Scoring against The Premium Standard

DimensionWeightScore (/20)Contribution
Substance (principal rooms)30%17.55.25
Execution25%17.04.25
Service20%17.03.40
Setting15%17.52.63
Value / membership economics10%14.71.47

Weighted total: 17.0 / 20.

The relocation transformed CORE: from a well-run but spatially constrained club into one of New York’s more complete all-round memberships, with real all-day utility and a setting that finally matches its ambitions. The constraint is price: at the top of the market, the value dimension is where it gives ground. For the accomplished member who wants programming, daytime utility and a genuinely upgraded Fifth Avenue address — and for whom dues are not the deciding factor — the new CORE: is a strong and improved proposition.

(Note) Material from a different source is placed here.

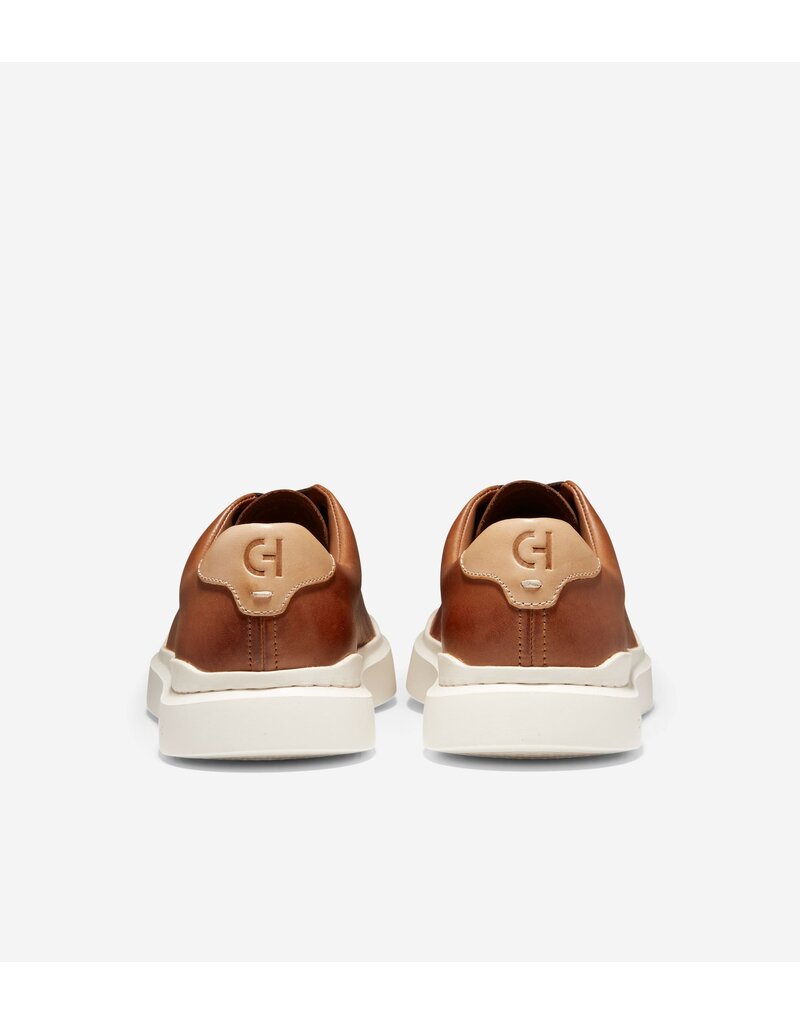 COLE HAAN MEN'S GRANDPRO RALLY LASER CUT SNEAKER BRITISH TAN/IVORY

The Premium Standard: 17.0 / 20

Verification

Every factual claim in this review was checked against external sources before publication, on 2026-02-16. Where a figure could not be independently confirmed, it is described in approximate terms in the text. To challenge a fact, write to corrections@premiumtravelreview.com.

Frequently asked questions

When was CORE: Club founded?
CORE: Club was founded in 2005 by Jennie Enterprise. It operated at 66 East 55th Street from 2005 until 2023.
Where is CORE: Club now?
Since September 2023 it has occupied roughly 60,000 square feet across the top four floors of 711 Fifth Avenue, with more than 6,000 square feet of outdoor space.
Is CORE: Club invitation-only?
Membership is selective and drawn from New York's economic and social elite, with a focus on accomplished members across business, culture and philanthropy.
Does CORE: Club have other locations?
The club has expanded internationally, including a presence in Milan.